HEU calls for greater protections under the B.C. Human Rights Code

At a time when intolerance, racism, and human rights violations continue to make headlines here and throughout North America, HEU is applauding the NDP government’s decision to reinstate B.C.’s Human Rights Commission.

For 15 years, British Columbia has been the only province in Canada without a human rights commission, following its abolishment by the BC Liberals in 2001.hr

But in late September, B.C. Attorney General David Eby launched a two-month public process inviting British Columbians to weigh in on the role and priorities that should shape a new commission.

To that end, HEU has strenuously argued that “social condition” must become one of the prohibited grounds of discrimination in the province’s human rights code – alongside race, colour, ancestry, place of origin, religion, marital status, physical or mental disability, sex, sexual orientation, or gender identity or expression.

“The history and continuing experience of our members and their fight against gender-based wage discrimination speaks to the need for a renewed Commission and a stronger framework for human rights advocacy in our province,” said HEU’s secretary-business manager Jennifer Whiteside, in her submission to government on the union’s behalf.

The union stressed that over the decade and a half since the former B.C. Liberal government began its campaign of privatization and wage rollbacks, many members have been driven into the ranks of the “working poor” and have been forced to take on multiple jobs, and seek various forms of social assistance to make ends meet.
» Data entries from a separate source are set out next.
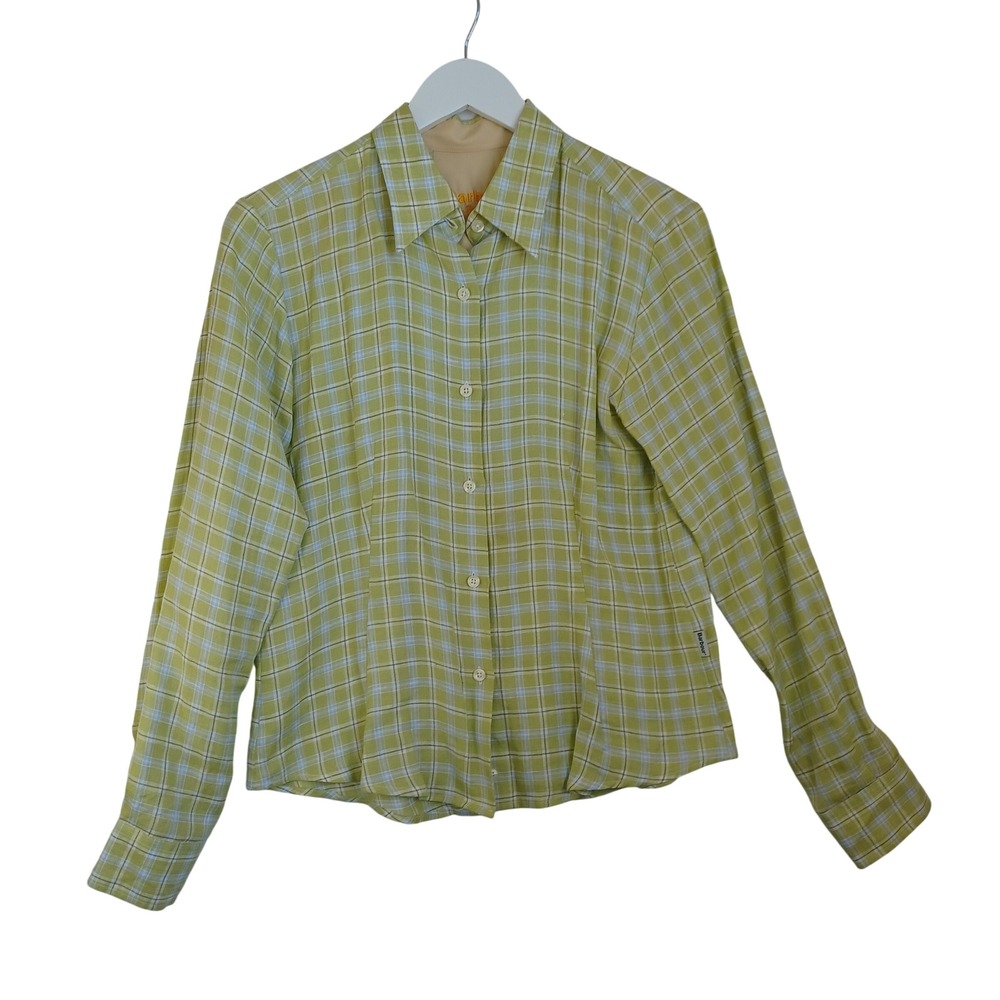 Barbour The Ladies Shirt Green Blue Plaid 100% Linen Button Down Long Sleeve 8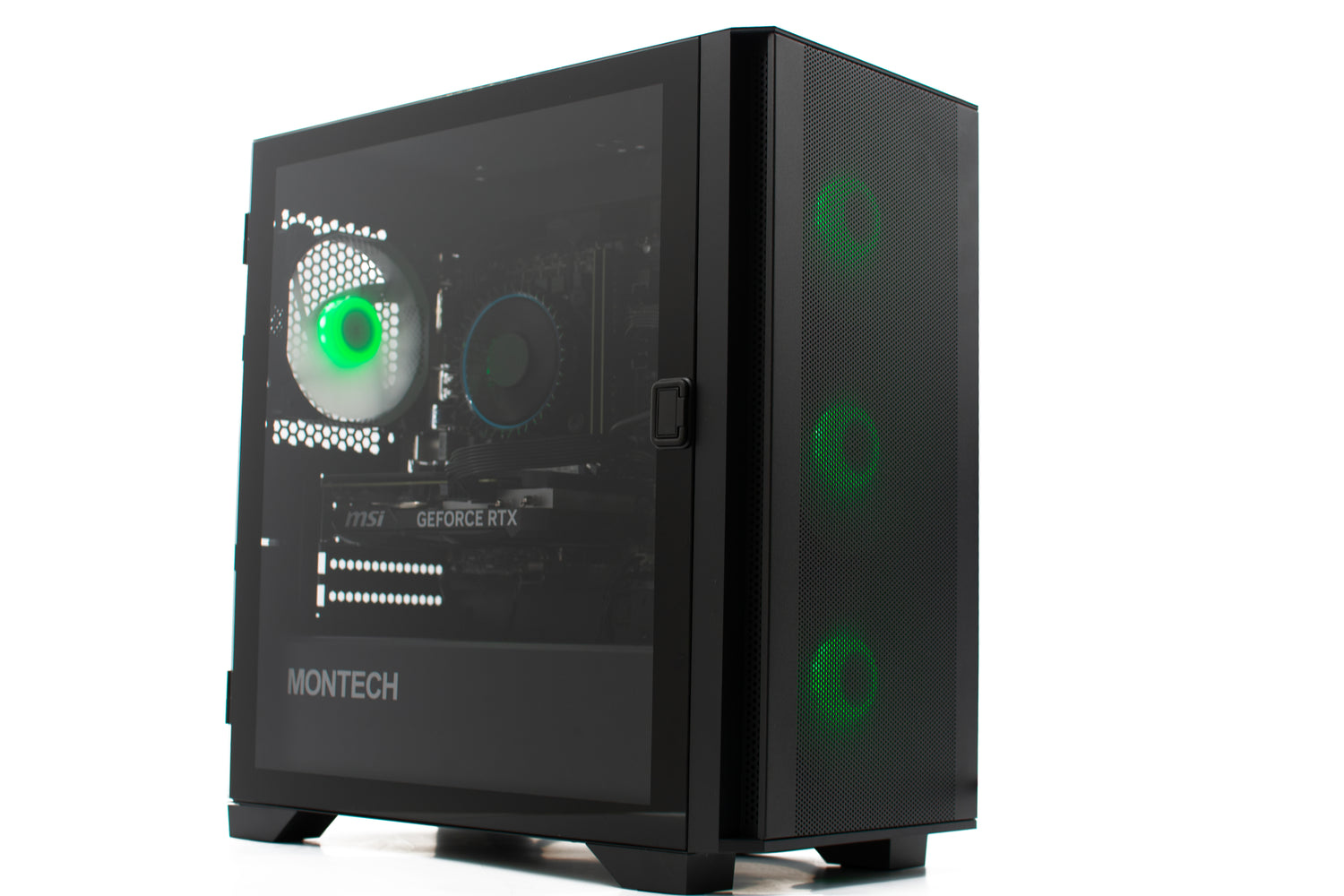 Gamer PC Luna series PC side view with glass panel and green fans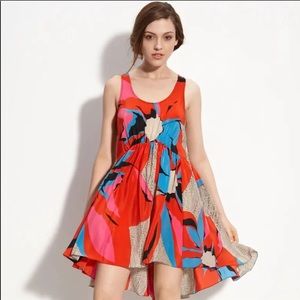 Anthropologie Leifsdottir Silk High Low Floral Dress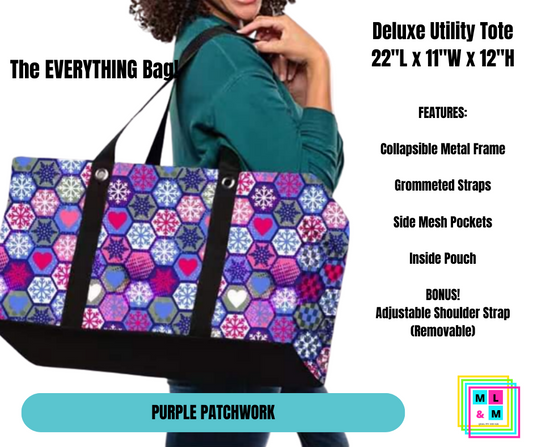 Purple Patchwork Collapsible Tote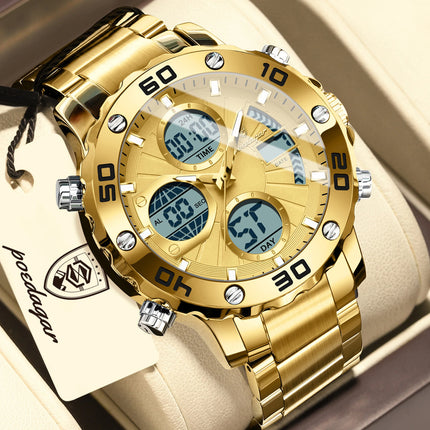 POEDAGAR Functional Men's Quartz Wristwatch Electronic LED Alarm Dual Display Male Clock Waterproof Sports Watches For Men Reloj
“It is significant that two of the lowest paid areas in B.C.’s public sector today, health support and social services, are female-dominated and employ a high proportion of racialized people, immigrants and single mothers,” said Whiteside.

“People with one or more of these characteristics in our society have limited job opportunities. The discrimination they experience is both systemic and intersectional – they face discrimination on multiple grounds simultaneously.”

Quebec, New Brunswick and the Northwest Territories have made “social condition” a general ground of discrimination in their human rights codes. And Ontario is currently considering a bill that would recognize “social condition” as a ground of discrimination.

Eby will receive recommendations by the end of the year, and legislation is expected in 2018.